Paul
Goble
Staunton, December 15 – More than
half of all scheduled domestic flights in Russia are between regional capitals
and Moscow, and these carry about 75 percent of all air passengers within the
country, a pattern that is “absolutely irrational” and forces Russians seeking
to fly from one region to a neighboring even in the Far East one to go via
Moscow
That is just one of the problems
with regional carriers in the Russian Federation, according to Rosbalt
journalist Sergey Petrov. Indeed, so many have gone out of business or
face bankruptcy that “almost half of the country” in the Far East and North is
losing its “only means” of transporting people and goods (www.rosbalt.ru/business/2012/12/13/1071128.html).

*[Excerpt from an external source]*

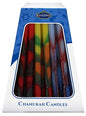 Lamp Lighters Ultimate Judaica Chanukah Candles - European Collection - 45 Pack - Blue/Yellow/Red - 6 inch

Over the last decade, Petrov
reports, the number of regional airports has been reduced by 1.5 times, and of
those which are open, “few are capable” of being used by jets. As a result, the
Moscow-centric pattern of Soviet times that had been reduced but not eliminated
in the 1990s is now more than being restored.
Moscow itself is doing little or
nothing to prevent this, the Rosbalt.ru journalist says, and “since 2008, the
government has not carried out a single measure in support of regional
aviation.” The central government did adopt “a road map” for this in 2012 and
has set new standards for regional carriers beginning with next year.
Aleksey Mukhin, the general director
of the Center for Political Information, says that this is especially sad given
Moscow’s support for international carriers of both people and cargo. Indeed,
he suggests that what exists now – links only between regional centers and
Moscow rather than among regional centers – is precisely what the central
authorities want.
This situation has been reinforced
by shortcomings in the Russian legal system, but it has been intensified
particularly by the way in which Moscow has provided subsidies. Airlines that
carry goods and cargo internationally receive subsidies; those that work within
the country don’t. Not surprisingly, the latter have a hard time surviving.
Indeed, this pattern creates “a
vicious circle” out of which the regionals can’t escape, he concludes. As a
result, the situation is likely to get worse for many Russians in the regions
who are certainly going to have been given the impression that “the government
doesn’t need domestic regional aviation carriers.”